The Environmental Protection Agency (EPA) announced yesterday that they were ending regulations that require chemical plants to provide the public with information about potential risks.
EPA administrator Andrew Wheeler says the regulations were “unnecessary administrative burdens.” Chemical manufacturers lobbied (clearly successfully) for this change.
In 2013, there was a fire at the West Fertilizer Co. plant in West, Texas. It caused ammonium nitrate to ignite, and it triggered a huge explosion that destroyed the plant, as well as a nearby nursing home and apartment complex.
The explosion killed 15 people, 10 of whom were firefighters.
The EPA then put regulations in place under the Obama administration that required chemical plants to provide information upon request to members of the public about risks.
The mayor of West’s thoughts on the EPA’s decision
When new regulations were enacted after a deadly fertilizer plant explosion killed 15 people in a Texas town south of Dallas, West Mayor Tommy Muska hadn’t even had the chance to read the rules before they were obsolete.
A week after the Obama-era rules regulating how companies store dangerous chemicals were put in place, the administration of newly inaugurated President Donald Trump put them on hold in January 2017.
Muska was in his first term as mayor when the explosion rocked West on April 17, 2013.
‘By the time I got [the Obama rules] in my hands, it was already part of the Trump administration, and they shelved it,’ Muska said Thursday. ‘I was somewhat disappointed. I would love for them to revisit some of those processes that go into chemical storage. There’s a happy medium’ between economic concerns brought on by regulation and protecting the public.
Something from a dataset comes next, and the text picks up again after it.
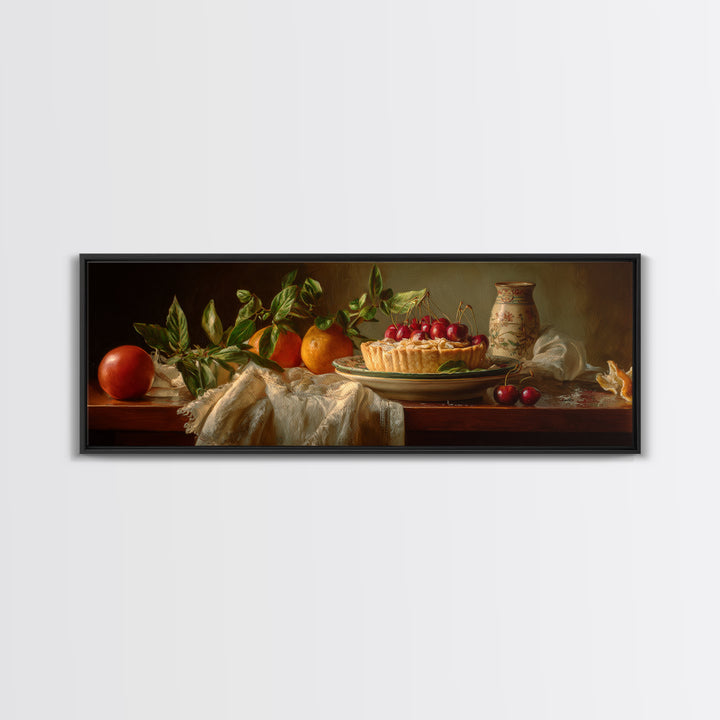 Cherry Tart Still Life Canvas Print, Bakery Art, Whimsical Wall Art, Bakery Decor, Fine Art, Patisserie, Luxury Decor, BAK-3x1-21
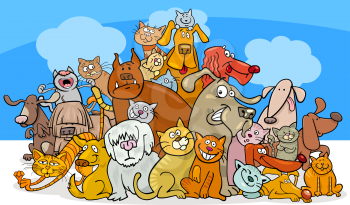 Cartoon Illustration of Funny Dogs and Cats Characters Group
‘The American people and American politicians, they have a short memory,’ Muska said. ‘They’re going to say everything is fine, and every few years something like this is going to happen again, and “Oh, yeah, we need to look at this again.”‘
‘We’re yesterday’s news. It’s not on anybody’s minds as it was in ’13 and ’14.’
If you lived next to a chemical plant, would you want to know what was being manufactured there, and what the risk was to the environment, your home, your family, your health, and your own life? Yeah, we thought so. Imagine what a blow this rollback announcement was to the people who lived in the nursing home and the apartment complex — and to the families of those who lost their lives. And clearly, it’s a blow to the mayor of West, who had to lead during an awful tragedy.
Way to put profit before people, EPA. The focus of your press release is about how much money you’re going to save — but it doesn’t quantify that or provide evidence. It might be time to change your name to something else.